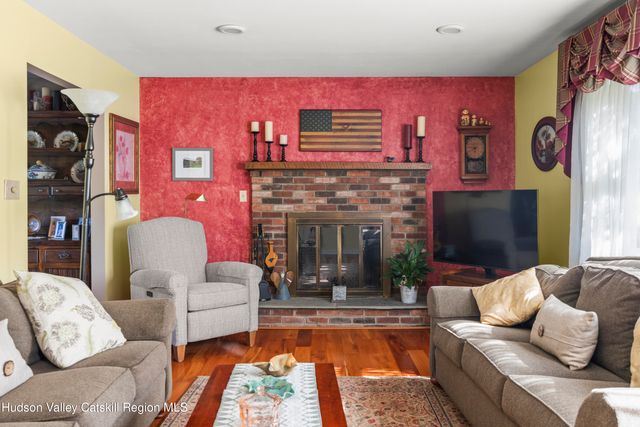 2727 County Route 8, Elizaville, NY 12523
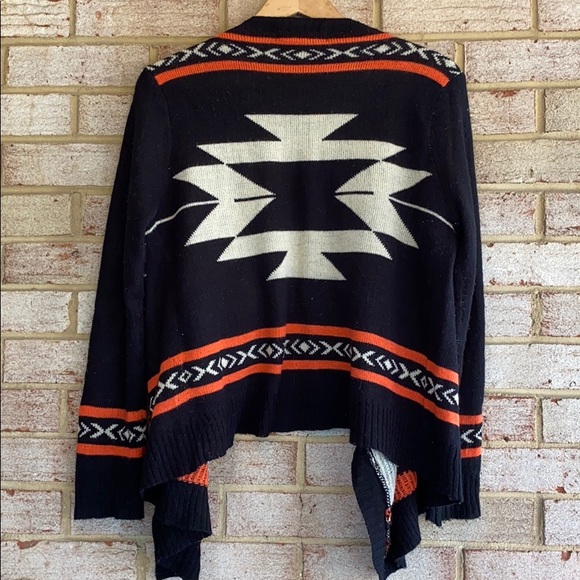 Aztec print cardigan sweater (black) - Picture 5 of 8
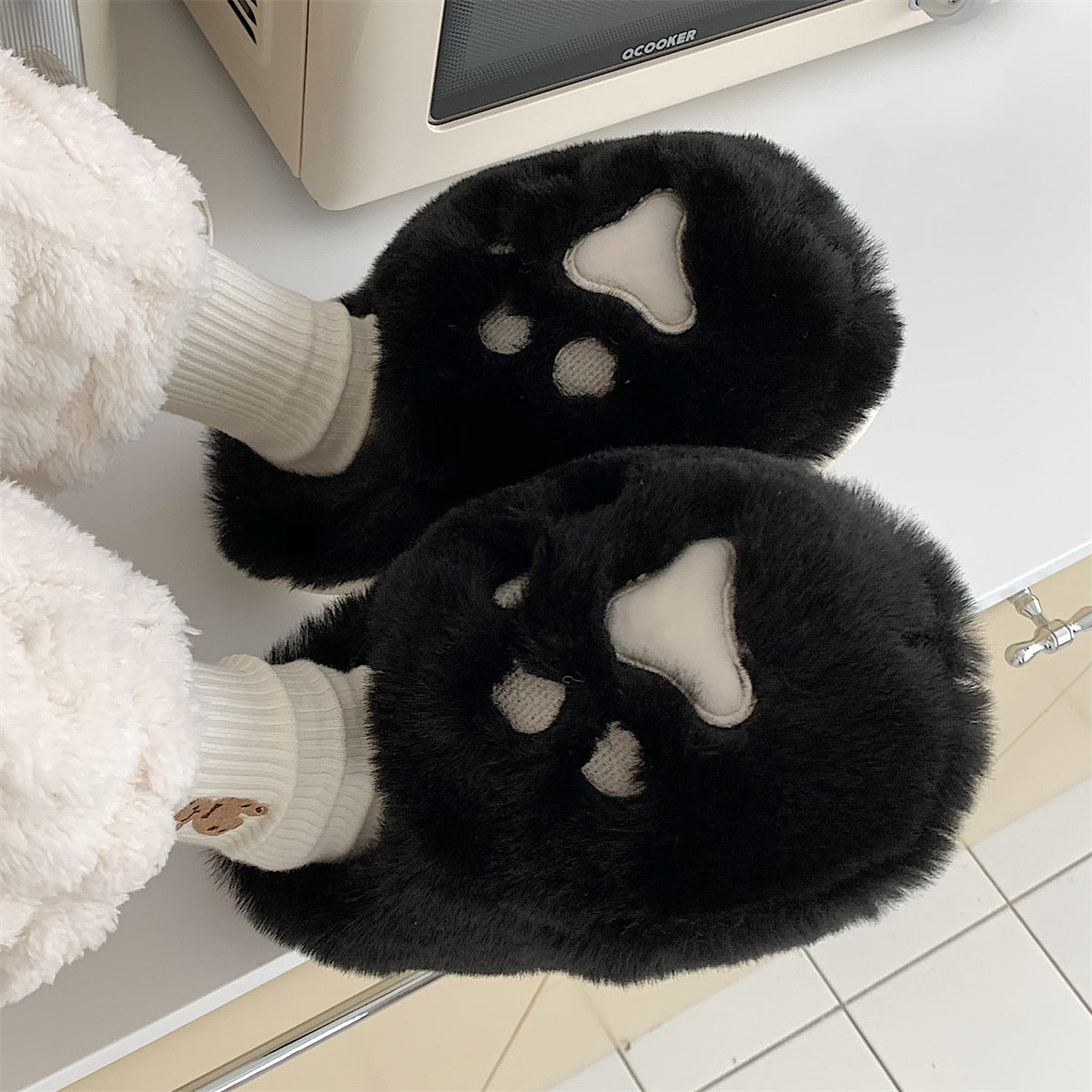 Plush Cat Paw Cotton Slippers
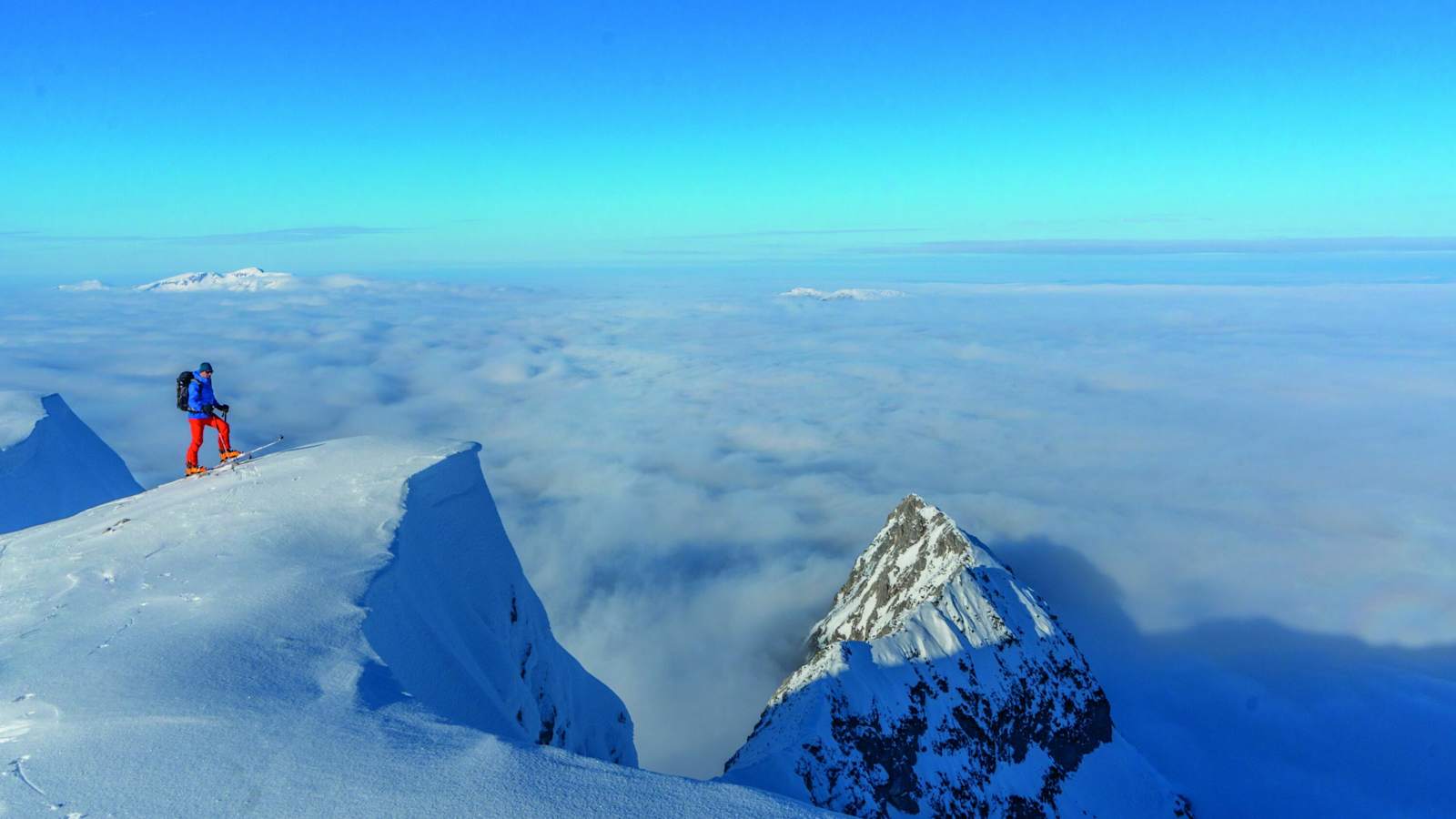 Skitourengeher über den Wolken am Scheiblingstein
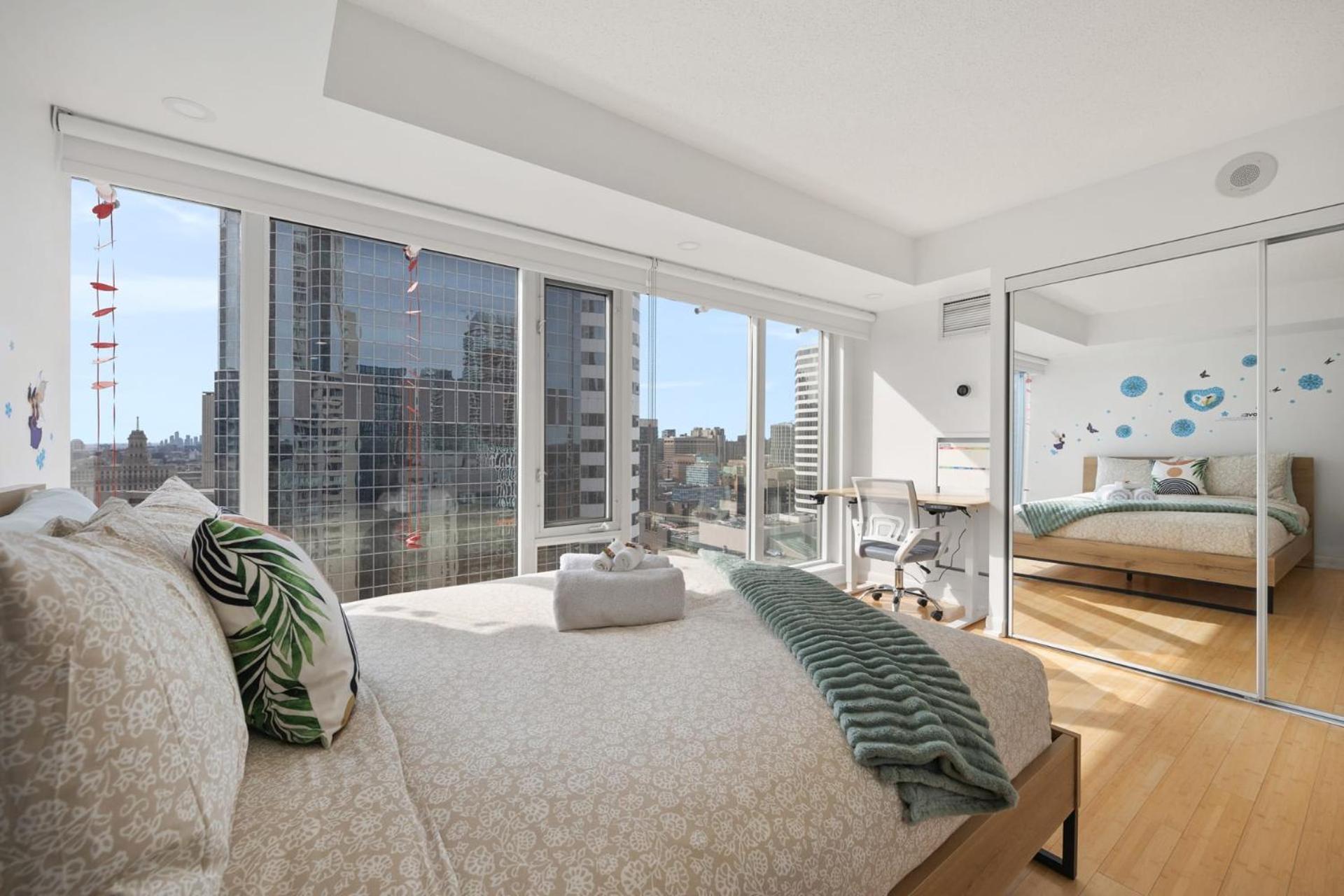 Modern 2-Bedroom Condo W Floor To Ceiling Windows Toronto Exterior photo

== == ==

Please retype the lines from the one containing "Plush Cat Paw Cotton Slippers" through the last line of the records above, exactly as written, and leave out any pictures.

**SOLUTION TO THE PROBLEM**
 Plush Cat Paw Cotton Slippers
 Skitourengeher über den Wolken am Scheiblingstein
 Modern 2-Bedroom Condo W Floor To Ceiling Windows Toronto Exterior photo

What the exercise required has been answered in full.